Os dois gemeram que nem uns bichos quando a pica entrou na buceta de uma vez. Foi o momento de prazer mais forte da vida dos dois. Mas ambos se assustaram ao mesmo tempo. Tinha sido um acidente.
- Fo.. foi.. foi sem querer Agus.. eu… já vou tirar, me desculpa!!!!
Martín se assustou, não conseguia juntar as palavras, ao mesmo tempo que sentia um prazer imenso… tava perdendo a virgindade com a própria irmã!

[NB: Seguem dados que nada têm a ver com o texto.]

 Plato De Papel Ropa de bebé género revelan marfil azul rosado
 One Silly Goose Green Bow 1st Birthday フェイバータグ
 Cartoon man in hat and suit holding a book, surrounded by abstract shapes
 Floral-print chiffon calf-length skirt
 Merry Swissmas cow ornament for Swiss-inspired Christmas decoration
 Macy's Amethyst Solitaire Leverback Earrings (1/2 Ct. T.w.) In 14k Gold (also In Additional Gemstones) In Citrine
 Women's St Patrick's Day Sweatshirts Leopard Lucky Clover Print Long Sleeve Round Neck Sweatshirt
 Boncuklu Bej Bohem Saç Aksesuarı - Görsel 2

Agustina não sabia como reagir, levou o susto da vida quando sentiu o pau bem grosso do irmão penetrar a xotinha dela, abrindo tudo, e agora tava lá dentro… se segurava firme na árvore apoiando as mãos, porque tava mais tarada do que nunca na vida… mas por outro lado, tava assustada e apavorada!!
O moleque sentia a pica toda quentinha lá dentro, apertadinha, e toda molhadinha e macia dentro da buceta… não conseguia evitar querer continuar…

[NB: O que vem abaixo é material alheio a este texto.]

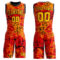 Custom Figure Gold-Orange Round Neck Sublimation Basketball Suit Jersey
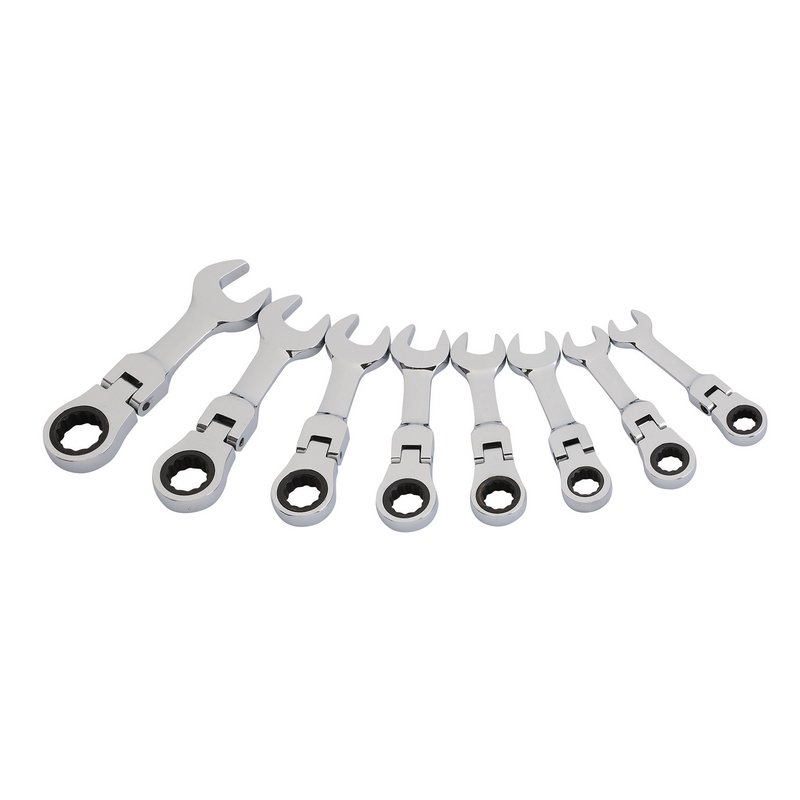 Draper 27982 HI-TORQ® Metric Stubby Flexible Ratchet Spanner Set 10-19mm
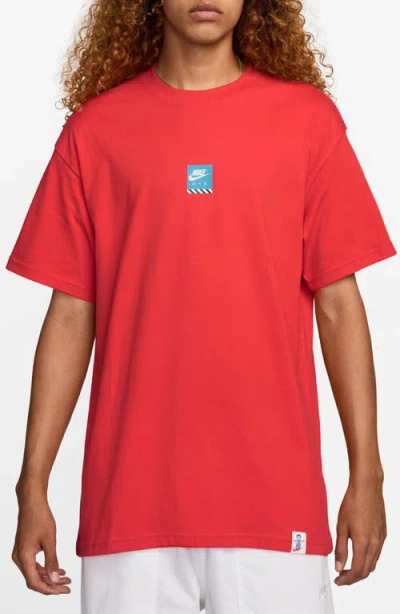 Nike Sportswear Max90 Cotton Graphic T-shirt In Red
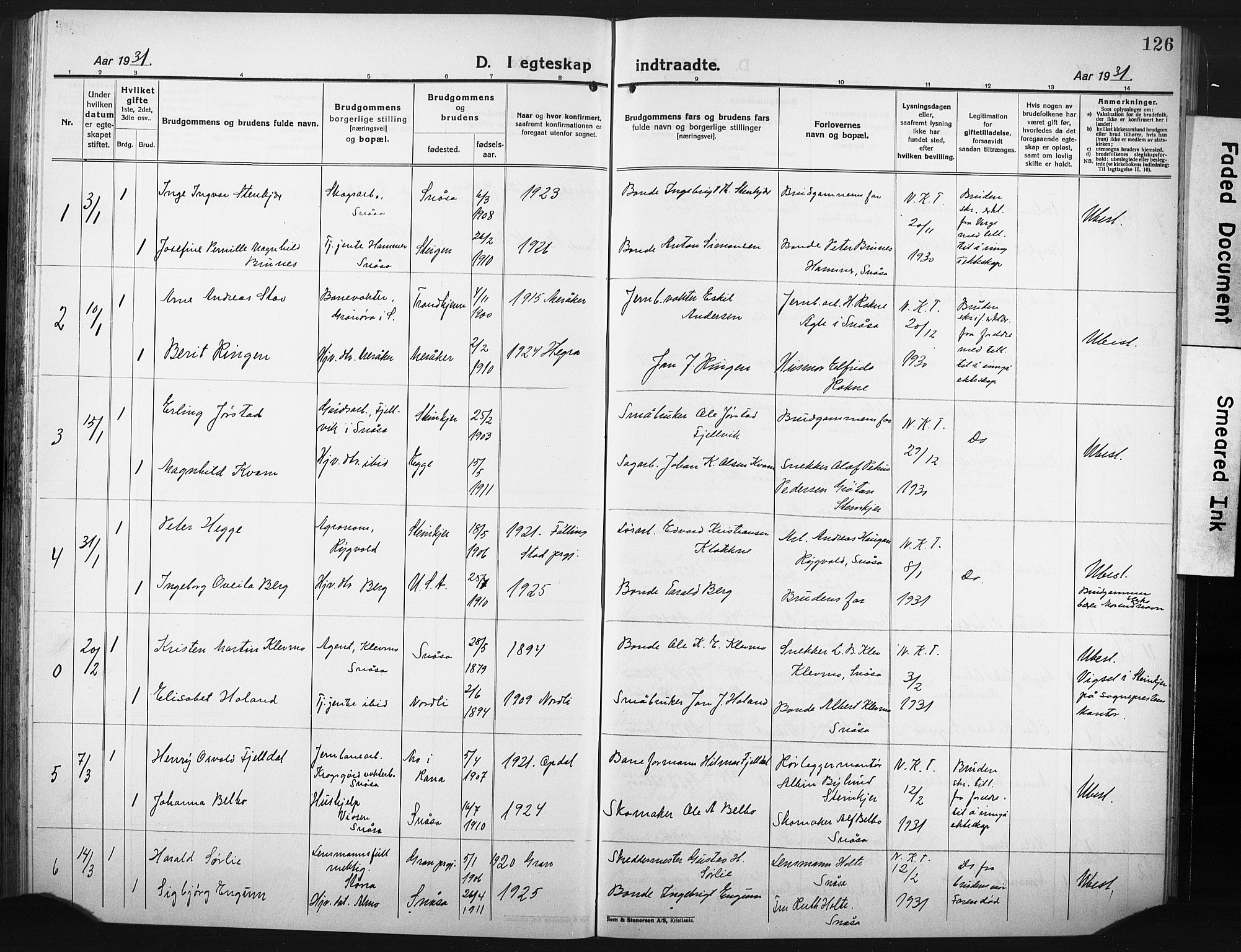 Ministerialprotokoller, klokkerbøker og fødselsregistre - Nord-Trøndelag, SAT/A-1458/749/L0480: Parish register (copy) no. 749C02, 1924-1932, p. 126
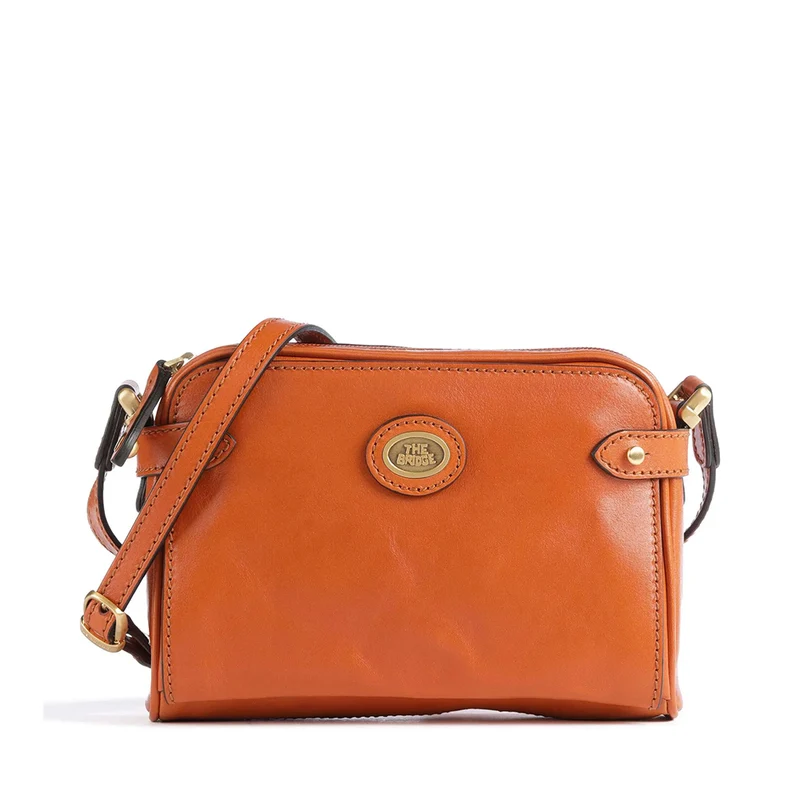 Borsa Donna Mini Bag a Tracolla THE BRIDGE linea Story in Pelle Arancione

Pensava que a irmã ia ficar puta da vida, e quis tirar o mais rápido possível da buceta, e tentar consertar o erro de algum jeito.
Se mexeu devagar pra trás um pouquinho, com esse movimento, a pica deslizou saindo um pouco da buceta, mas foi tanto o prazer desse movimento, dessa pica dura e ereta saindo, em contato com as paredes vaginais, que os dois gemeram gostoso de novo.
Não tirou ela toda, agora ficou só a glande enfiada lá dentro. Martín, percebendo o quanto era gostoso transar, não resistiu, e mesmo com medo do que a irmã poderia dizer, empurrou pra frente e enfiou de novo, mas dessa vez mais fundo, quase até o talo…
— OOOHHHHHH….. ayyy seu idiota… — gemeu Agustina, mordendo os lábios.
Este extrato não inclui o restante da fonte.